- Opening Delimiter -

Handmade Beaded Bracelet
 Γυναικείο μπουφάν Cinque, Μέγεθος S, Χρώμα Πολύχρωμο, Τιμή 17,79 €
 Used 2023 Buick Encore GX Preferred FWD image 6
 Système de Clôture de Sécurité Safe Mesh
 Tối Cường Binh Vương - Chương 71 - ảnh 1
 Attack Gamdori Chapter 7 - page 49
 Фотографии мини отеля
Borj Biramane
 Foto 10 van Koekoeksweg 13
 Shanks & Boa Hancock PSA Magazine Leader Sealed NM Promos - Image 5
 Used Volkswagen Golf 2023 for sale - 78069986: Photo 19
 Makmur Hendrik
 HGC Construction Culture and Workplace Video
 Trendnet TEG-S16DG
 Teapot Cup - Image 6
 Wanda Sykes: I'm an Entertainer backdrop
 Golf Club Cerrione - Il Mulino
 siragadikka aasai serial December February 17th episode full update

- Closing Delimiter -

● **Directions for this task**:
Report each line of the material in which the string "Used" occurs.

● **Output of the task**:
 Used 2023 Buick Encore GX Preferred FWD image 6
 Used Volkswagen Golf 2023 for sale - 78069986: Photo 19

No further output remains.